Objectives Determine the efficacy and safety of daily lesinurad (200 or 400 mg orally) added to allopurinol in patients with serum uric acid (sUA) above target in a 12-month, randomised, phase III trial. Methods Patients on allopurinol >= 300 mg (>= 200 mg in moderate renal impairment) had sUA level of >= 6.5 mg/dL (>= 387 mu mol/L) at screening and two or more gout flares in the prior year. Primary end point was the proportion of patients achieving sUA level of < 6.0 mg/dL (< 357 mu mol/L) (month 6). Key secondary end points were mean gout flare rate requiring treatment (months 7 through 12) and proportions of patients with complete resolution of one or more target tophi (month 12).
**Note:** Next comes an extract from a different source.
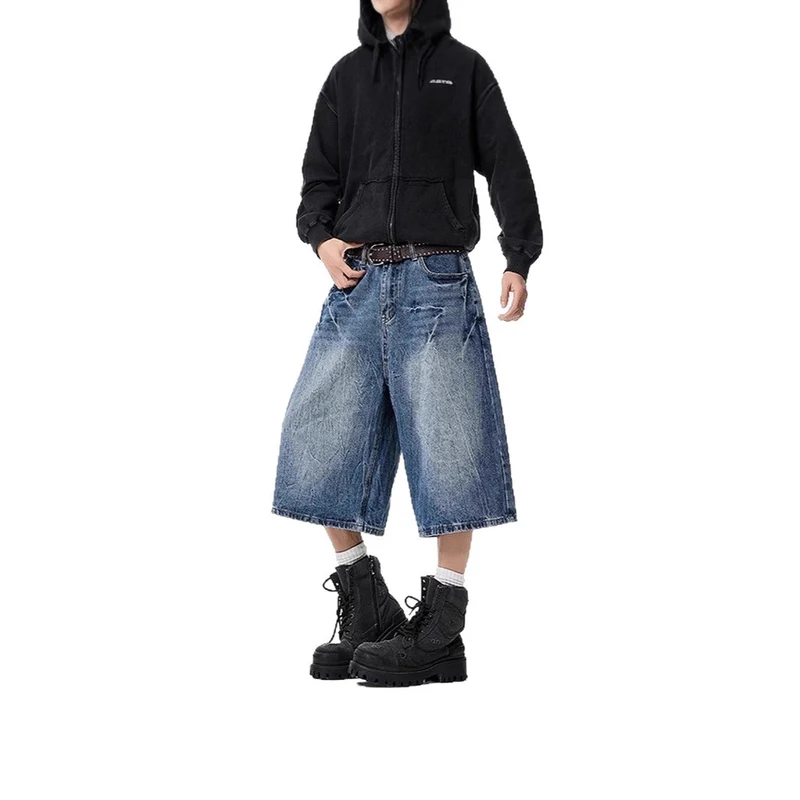 Damen Weitgeschnittene Denim-Culotte Nord Taschen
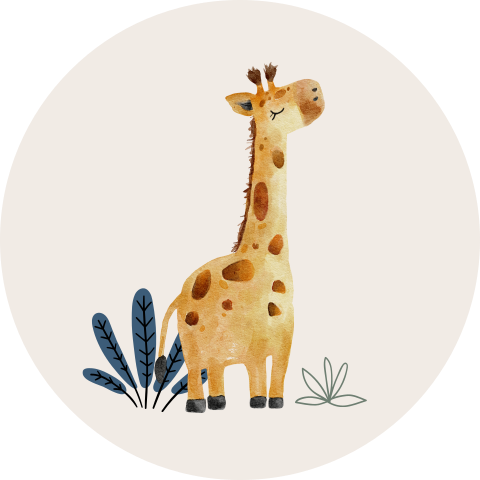 Sluitsticker vrolijke watercoliour illustratie giraffe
Safety assessments included adverse events and laboratory data. Results Patients (n= 610) were predominantly male, with mean (+/-SD) age 51.2+/-10.90 years, gout duration 11.5+/-9.26 years and baseline sUA of 6.9+/-1.2 mg/dL (410+/-71 mmol/L). Lesinurad at 200 and 400 mg doses, added to allopurinol, significantly increased proportions of patients achieving sUA target versus allopurinol-alone therapy by month 6 (55.4%, 66.5% and 23.3%, respectively, p< 0.0001 both lesinurad+allopurinol groups). In key secondary end points, there were no statistically significant treatment-group differences favouring lesinurad. Lesinurad was generally well tolerated; the 200 mg dose had a safety profile comparable with allopurinol-alone therapy. Renal-related adverse events occurred in 5.9% of lesinurad 200 mg + allopurinol, 15.0% of lesinurad 400 mg+ allopurinol and 4.9% of allopurinol-alone groups, with serum creatinine elevation of >= 1.5x baseline in 5.9%, 15.0% and 3.4%, respectively. Serious treatment-emergent adverse events occurred in 4.4% of lesinurad 200 mg + allopurinol, in 9.5% of lesinurad 400 mg+ allopurinol and in 3.9% of allopurinol-alone groups, respectively. Conclusion Lesinurad added to allopurinol demonstrated superior sUA lowering versus allopurinolalone therapy and lesinurad 200 mg was generally well tolerated in patients with gout warranting additional therapy.